Por isso tanto ignorante certificado, por isso tanto sábio irreconhecido e ignorado.

Sabe mais o simples e analfabeto agricultor ao simplesmente olhar para a terra do que muito engenheiro em análises e cálculos; duvido que muitos engenheiros civis saibam alinhar tijolos, mas o humilde trolha fá-lo de olhos fechados. E nós não comemos análises nem moramos em desenhos. Comemos as batatas da terra e moramos entre muros.

Essa é a verdade!

É urgente, muito urgente, começar a apostar mais no mérito, na competência e na capacidade do que na certificação, nos títulos e nos estatutos.

Precisamos de doutos e não de doutores!

Porque foram os doutores e as suas resmas de certificados que nos trouxeram onde hoje estamos.

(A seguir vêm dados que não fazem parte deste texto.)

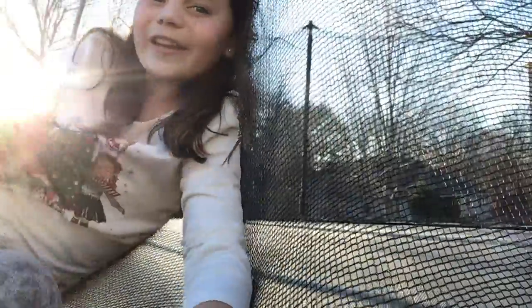Welcome back to my channel. I'm Kendall and today I'm gonna be showing you how to do some tricks on my trampoline. So let's get started.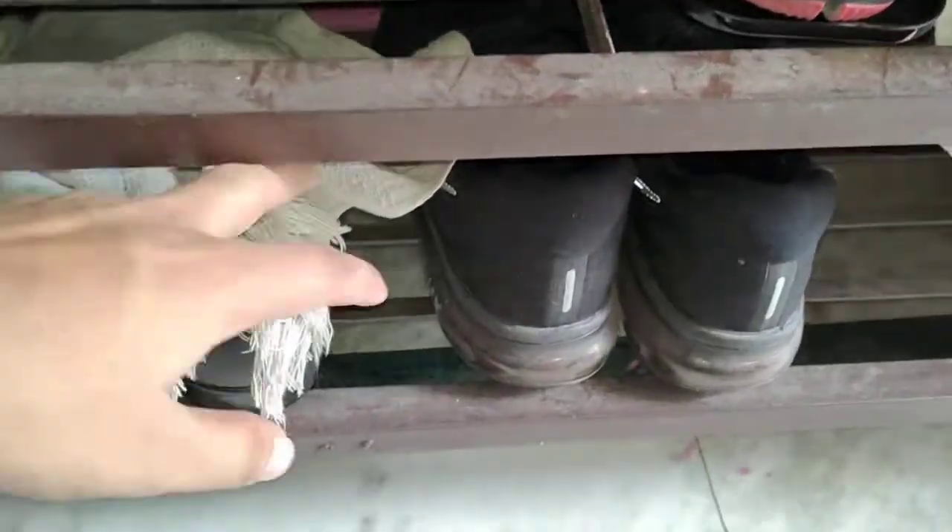For high ankle shoes you need to have a lot of space, but you won't find any problem while doing that. So that's my review. If you have any questions regarding the product, please comment below — I will try to answer them. Thanks for watching, have a nice day, bye!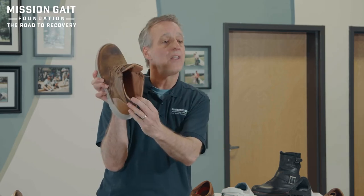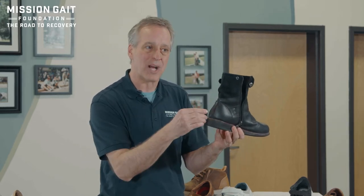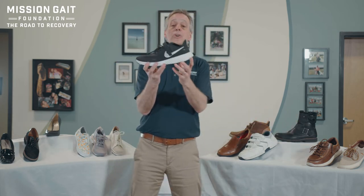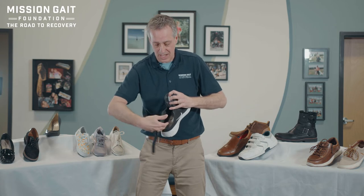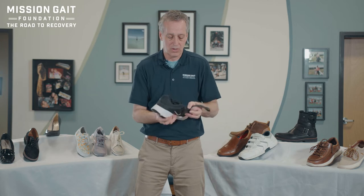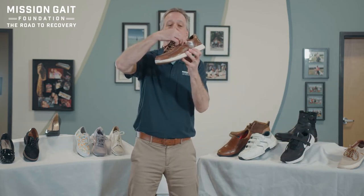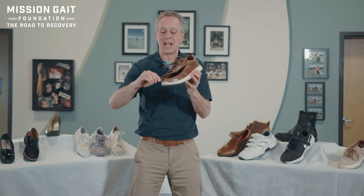Boots are also an option. If a boot opens up well enough on top you can fit an orthotic or prosthetic device down into it. A boot with a zipper all the way down the side can also work. There are even prosthetic cowboy boots made specifically for prosthetics — zipper all the way down the back with a low heel-to-toe drop. Some specialized shoes have a lace-up top plus the ability to unzip and open the entire back of the shoe, letting you slide the orthotic or prosthetic in, zip up, lace across the top, and you're stable. Another version unzips the entire front of the shoe, allowing you to get the brace or prosthetic down in there and then stabilize it.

Se assim fizermos, se o certificado passar a reconhecer não um percurso burocrático, mas um saber, uma competência e uma capacidade adquirida e a excelência em algo ou alguma coisa, talvez um dia voltemos a dignificar o processo de certificação e a fazer com que quem diz que sabe fazer, de facto, saiba como fazer.

As pessoas valem pelo que são e não pelos papéis que ostentam.

Porque os papéis levam-nos o vento e o tempo.

O saber e a obra, o que fazemos e deixamos às gerações futuras, essas sim, são eternas.